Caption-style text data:
====================

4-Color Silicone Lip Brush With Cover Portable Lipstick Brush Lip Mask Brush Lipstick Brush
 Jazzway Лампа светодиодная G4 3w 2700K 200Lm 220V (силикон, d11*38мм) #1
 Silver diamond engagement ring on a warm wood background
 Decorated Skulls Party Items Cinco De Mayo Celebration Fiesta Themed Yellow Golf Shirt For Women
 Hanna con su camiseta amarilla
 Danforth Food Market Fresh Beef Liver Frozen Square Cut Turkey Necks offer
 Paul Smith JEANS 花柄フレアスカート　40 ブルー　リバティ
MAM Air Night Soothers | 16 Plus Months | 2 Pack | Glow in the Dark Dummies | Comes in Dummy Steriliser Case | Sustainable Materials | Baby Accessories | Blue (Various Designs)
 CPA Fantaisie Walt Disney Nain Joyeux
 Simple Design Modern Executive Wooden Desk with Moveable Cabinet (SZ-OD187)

====================

**Try it:**
Each line from the one holding "Danforth Food Market" through the last line of the data is to be transcribed exactly, with nothing else added.

**Expected answer:**
 Danforth Food Market Fresh Beef Liver Frozen Square Cut Turkey Necks offer
 Paul Smith JEANS 花柄フレアスカート　40 ブルー　リバティ
MAM Air Night Soothers | 16 Plus Months | 2 Pack | Glow in the Dark Dummies | Comes in Dummy Steriliser Case | Sustainable Materials | Baby Accessories | Blue (Various Designs)
 CPA Fantaisie Walt Disney Nain Joyeux
 Simple Design Modern Executive Wooden Desk with Moveable Cabinet (SZ-OD187)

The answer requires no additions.